Using different modules for a condition

I have a bunch of values I’d like to predict, and each value belongs to a category that has its own distribution of values. Instead of creating a new model per category, I’d like to incorporate weight sharing, then have the model apply a different fully connected layer based on the category. What’s the most efficient way to implement this?

Could you explain your use case a bit?
How would you select the category? Do you have this information for each sample, i.e. training and test samples?

Sure. For context, this has to do with the CHAMPS competition on Kaggle.

I have a tensor of shape NxF, where N is the number of nodes in a graph and F is the length of features. Per graph, I have a set of attributes that I am regressing against, the scalar coupling constant. Each attribute involves a pair of nodes, and I am given the type of coupling for each attribute I am trying to predict. Ideally, I’d like to have a model that does convolutions on the entire graph, then use different fully connected networks per coupling type. The only weight sharing across coupling types is the convolution/pooling part.

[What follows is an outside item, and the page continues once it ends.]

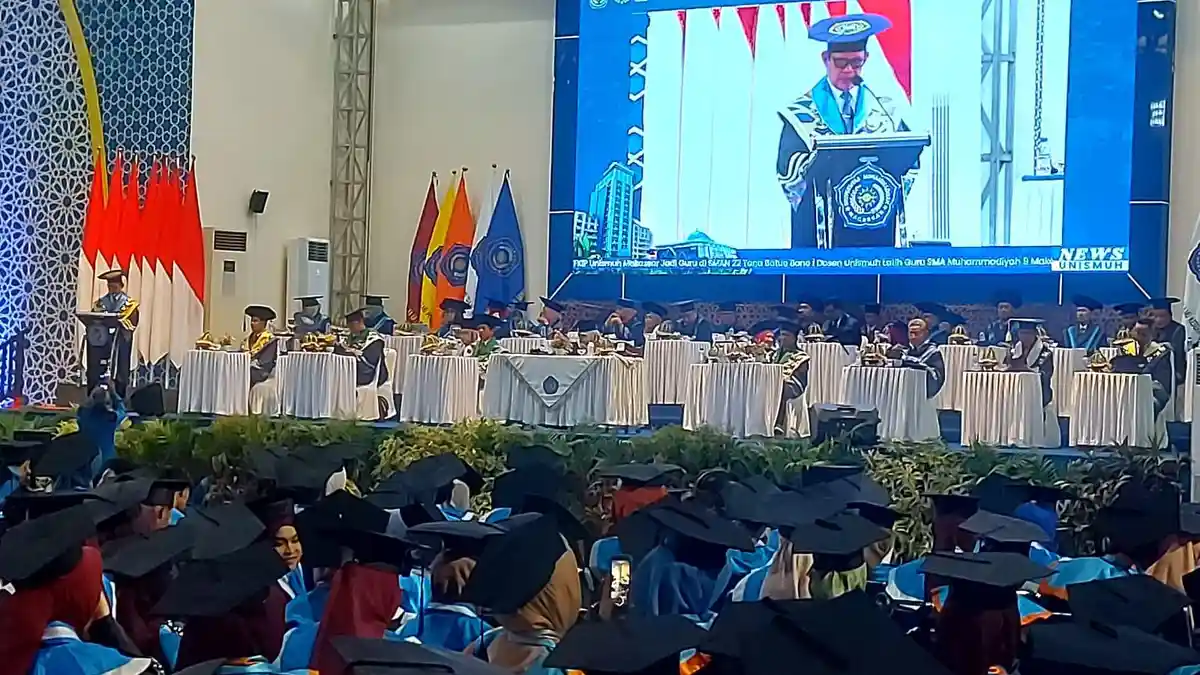 Universitas Muhammadiyah Makassar  Gelar Wisuda ke-83, Azkiya dan Riri Wisudawan Terbaik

Currently, I am doing this by concatenating every combination of 2 nodes possible, forming an NxNxF tensor, then passing that through a fully connected network that outputs 8 values, one for every coupling type (now NxNx8). Then, since I have the indices of each pair of nodes to train on, I can index that tensor with torch.take and get the right values. However, I’m wondering if there’s a more efficient way to do this. Doing a pairwise concatenation of every node is very memory intensive.

Do you have any suggestions? Thanks!